MATERIAL FOR THIS EXERCISE Start Marker

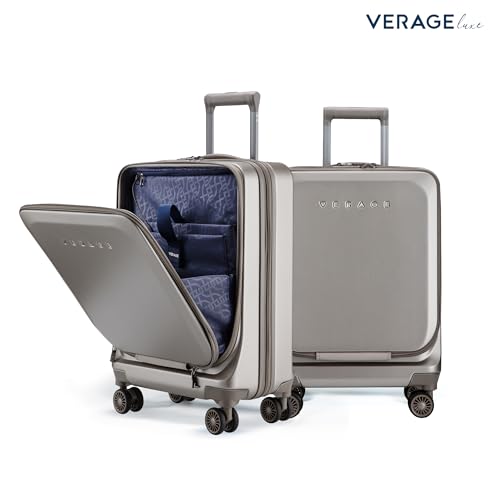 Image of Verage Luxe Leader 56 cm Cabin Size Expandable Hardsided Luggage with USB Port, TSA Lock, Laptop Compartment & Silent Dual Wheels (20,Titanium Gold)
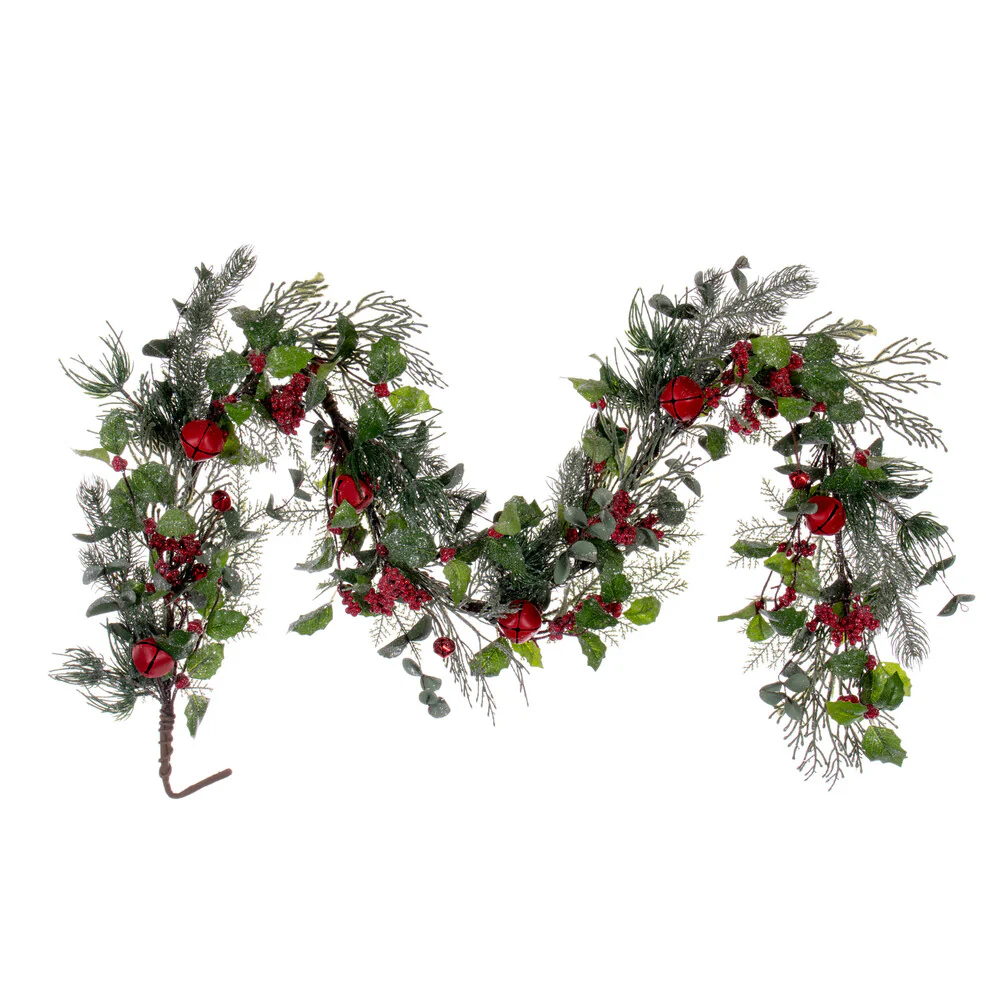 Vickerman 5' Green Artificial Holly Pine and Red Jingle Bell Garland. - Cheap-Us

MATERIAL FOR THIS EXERCISE End Marker
MATERIAL FOR THIS EXERCISE Start Marker

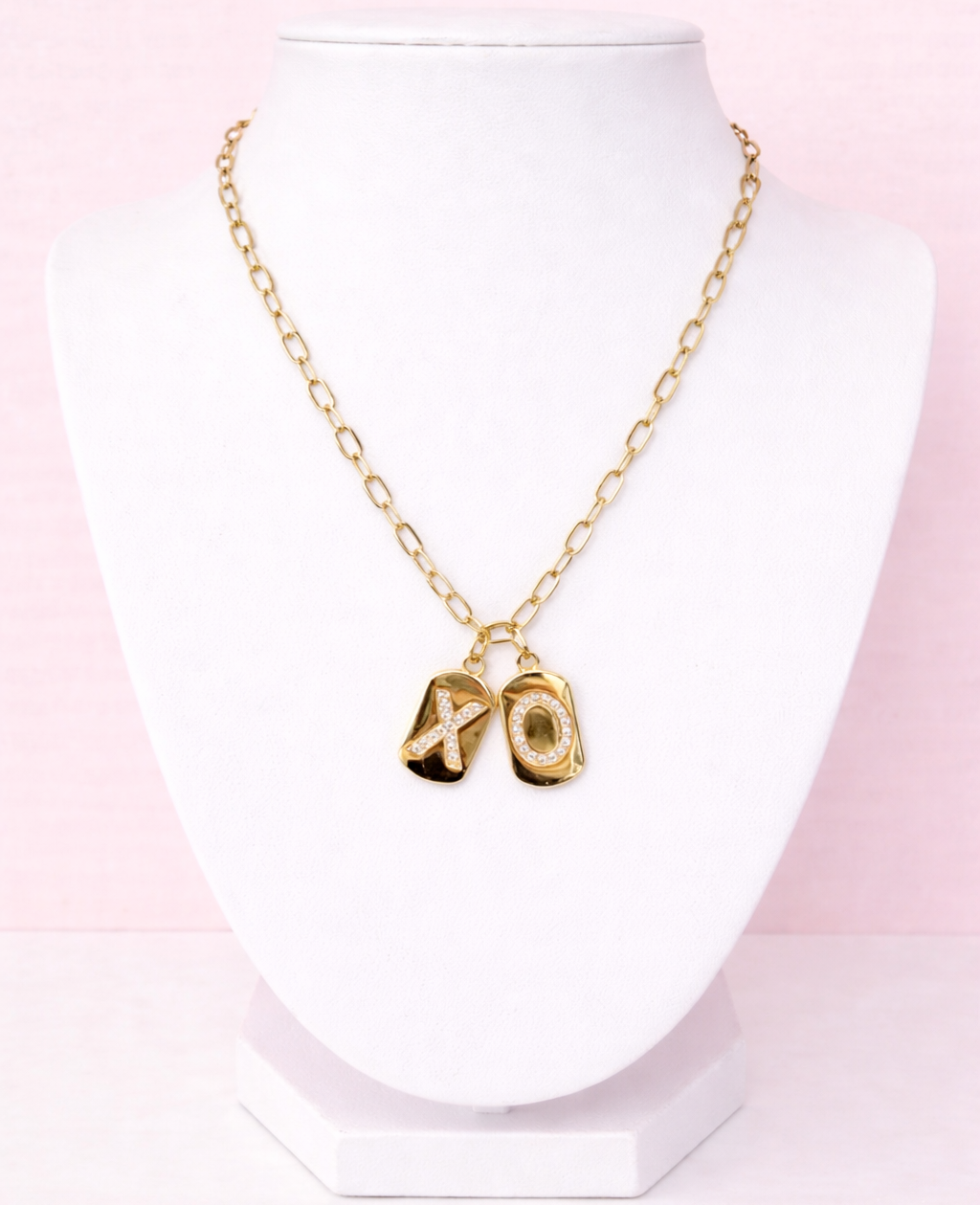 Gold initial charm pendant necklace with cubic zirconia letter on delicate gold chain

MATERIAL FOR THIS EXERCISE End Marker

For this exercise, please set down exactly the lines of the listing above from the line with "Image of Verage" up to and including the line with "Vickerman 5' Green", and no pictures.

 Image of Verage Luxe Leader 56 cm Cabin Size Expandable Hardsided Luggage with USB Port, TSA Lock, Laptop Compartment & Silent Dual Wheels (20,Titanium Gold)
 Vickerman 5' Green Artificial Holly Pine and Red Jingle Bell Garland. - Cheap-Us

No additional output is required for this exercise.